··· Excerpted records

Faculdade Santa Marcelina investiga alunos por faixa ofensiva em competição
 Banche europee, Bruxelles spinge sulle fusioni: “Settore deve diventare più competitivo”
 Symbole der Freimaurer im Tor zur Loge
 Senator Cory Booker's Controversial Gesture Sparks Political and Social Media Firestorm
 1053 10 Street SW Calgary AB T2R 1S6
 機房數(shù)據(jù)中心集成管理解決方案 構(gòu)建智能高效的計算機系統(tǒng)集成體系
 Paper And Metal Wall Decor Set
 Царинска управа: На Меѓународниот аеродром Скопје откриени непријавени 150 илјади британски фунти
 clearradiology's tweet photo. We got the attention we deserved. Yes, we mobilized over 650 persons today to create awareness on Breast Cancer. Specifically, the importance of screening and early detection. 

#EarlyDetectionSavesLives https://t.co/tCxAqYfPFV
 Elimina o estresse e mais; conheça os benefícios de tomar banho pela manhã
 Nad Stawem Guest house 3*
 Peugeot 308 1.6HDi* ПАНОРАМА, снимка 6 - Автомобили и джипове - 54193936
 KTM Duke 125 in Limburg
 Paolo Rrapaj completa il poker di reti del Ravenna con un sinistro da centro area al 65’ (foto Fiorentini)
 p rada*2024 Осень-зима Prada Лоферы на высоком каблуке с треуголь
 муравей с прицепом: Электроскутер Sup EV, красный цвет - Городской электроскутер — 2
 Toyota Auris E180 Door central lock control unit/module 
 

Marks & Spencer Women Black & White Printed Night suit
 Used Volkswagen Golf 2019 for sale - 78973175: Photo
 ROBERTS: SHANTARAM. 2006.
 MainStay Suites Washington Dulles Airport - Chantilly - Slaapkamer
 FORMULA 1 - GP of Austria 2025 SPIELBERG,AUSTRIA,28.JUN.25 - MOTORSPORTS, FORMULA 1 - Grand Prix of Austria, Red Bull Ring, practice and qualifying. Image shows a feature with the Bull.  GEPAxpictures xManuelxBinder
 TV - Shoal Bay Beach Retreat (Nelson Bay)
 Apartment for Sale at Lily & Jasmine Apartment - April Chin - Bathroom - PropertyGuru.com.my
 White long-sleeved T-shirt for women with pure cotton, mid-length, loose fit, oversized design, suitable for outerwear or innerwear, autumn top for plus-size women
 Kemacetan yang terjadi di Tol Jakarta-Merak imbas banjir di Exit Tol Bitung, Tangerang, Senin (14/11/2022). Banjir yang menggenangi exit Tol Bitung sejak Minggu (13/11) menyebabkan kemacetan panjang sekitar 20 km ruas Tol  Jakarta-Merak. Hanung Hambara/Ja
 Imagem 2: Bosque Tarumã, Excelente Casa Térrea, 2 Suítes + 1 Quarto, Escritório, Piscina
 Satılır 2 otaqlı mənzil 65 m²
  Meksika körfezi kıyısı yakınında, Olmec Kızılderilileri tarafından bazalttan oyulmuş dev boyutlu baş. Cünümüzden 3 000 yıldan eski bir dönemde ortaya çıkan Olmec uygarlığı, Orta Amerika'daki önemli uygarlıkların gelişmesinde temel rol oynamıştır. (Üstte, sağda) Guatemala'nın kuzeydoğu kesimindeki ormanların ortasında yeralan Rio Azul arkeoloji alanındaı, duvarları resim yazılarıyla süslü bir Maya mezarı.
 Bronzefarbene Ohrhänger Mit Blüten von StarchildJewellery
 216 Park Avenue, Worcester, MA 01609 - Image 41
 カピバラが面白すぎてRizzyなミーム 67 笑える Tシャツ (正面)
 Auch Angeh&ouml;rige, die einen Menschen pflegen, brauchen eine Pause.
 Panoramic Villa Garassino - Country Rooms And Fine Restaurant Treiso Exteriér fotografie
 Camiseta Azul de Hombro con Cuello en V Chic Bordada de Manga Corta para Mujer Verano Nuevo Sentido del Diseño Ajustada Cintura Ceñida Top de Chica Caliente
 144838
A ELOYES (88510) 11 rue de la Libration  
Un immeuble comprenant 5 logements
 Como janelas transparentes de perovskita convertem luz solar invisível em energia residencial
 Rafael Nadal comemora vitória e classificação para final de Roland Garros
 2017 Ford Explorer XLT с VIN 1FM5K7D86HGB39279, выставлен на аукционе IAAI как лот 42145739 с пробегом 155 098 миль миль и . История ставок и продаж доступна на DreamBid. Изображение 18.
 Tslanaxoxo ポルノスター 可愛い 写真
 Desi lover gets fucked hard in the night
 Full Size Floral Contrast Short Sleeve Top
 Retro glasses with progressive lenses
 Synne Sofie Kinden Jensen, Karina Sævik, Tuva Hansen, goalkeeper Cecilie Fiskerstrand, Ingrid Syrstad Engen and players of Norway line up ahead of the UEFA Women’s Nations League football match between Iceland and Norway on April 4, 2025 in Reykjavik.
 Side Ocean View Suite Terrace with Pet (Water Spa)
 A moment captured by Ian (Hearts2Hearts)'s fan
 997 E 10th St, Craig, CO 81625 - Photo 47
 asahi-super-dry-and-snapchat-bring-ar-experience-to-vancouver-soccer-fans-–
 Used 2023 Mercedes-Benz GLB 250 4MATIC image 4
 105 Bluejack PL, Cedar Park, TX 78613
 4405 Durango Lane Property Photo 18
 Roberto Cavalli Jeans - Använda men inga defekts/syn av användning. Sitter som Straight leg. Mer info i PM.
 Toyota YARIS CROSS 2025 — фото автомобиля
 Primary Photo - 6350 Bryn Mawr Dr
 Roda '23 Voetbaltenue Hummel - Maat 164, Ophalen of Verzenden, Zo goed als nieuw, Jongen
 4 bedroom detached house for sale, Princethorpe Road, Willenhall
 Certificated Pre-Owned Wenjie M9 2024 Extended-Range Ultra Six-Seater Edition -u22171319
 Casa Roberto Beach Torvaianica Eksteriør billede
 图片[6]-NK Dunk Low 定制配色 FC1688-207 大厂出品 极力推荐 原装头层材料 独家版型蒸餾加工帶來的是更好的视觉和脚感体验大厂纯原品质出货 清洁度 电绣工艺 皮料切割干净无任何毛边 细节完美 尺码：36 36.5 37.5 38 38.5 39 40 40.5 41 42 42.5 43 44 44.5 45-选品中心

······

### Required action
Retype only this portion of the data above: the line containing "Imagem 2: Bosque", the line containing "Bronzefarbene Ohrhänger Mit", and all lines between them, exactly.

### Your response
 Imagem 2: Bosque Tarumã, Excelente Casa Térrea, 2 Suítes + 1 Quarto, Escritório, Piscina
 Satılır 2 otaqlı mənzil 65 m²
  Meksika körfezi kıyısı yakınında, Olmec Kızılderilileri tarafından bazalttan oyulmuş dev boyutlu baş. Cünümüzden 3 000 yıldan eski bir dönemde ortaya çıkan Olmec uygarlığı, Orta Amerika'daki önemli uygarlıkların gelişmesinde temel rol oynamıştır. (Üstte, sağda) Guatemala'nın kuzeydoğu kesimindeki ormanların ortasında yeralan Rio Azul arkeoloji alanındaı, duvarları resim yazılarıyla süslü bir Maya mezarı.
 Bronzefarbene Ohrhänger Mit Blüten von StarchildJewellery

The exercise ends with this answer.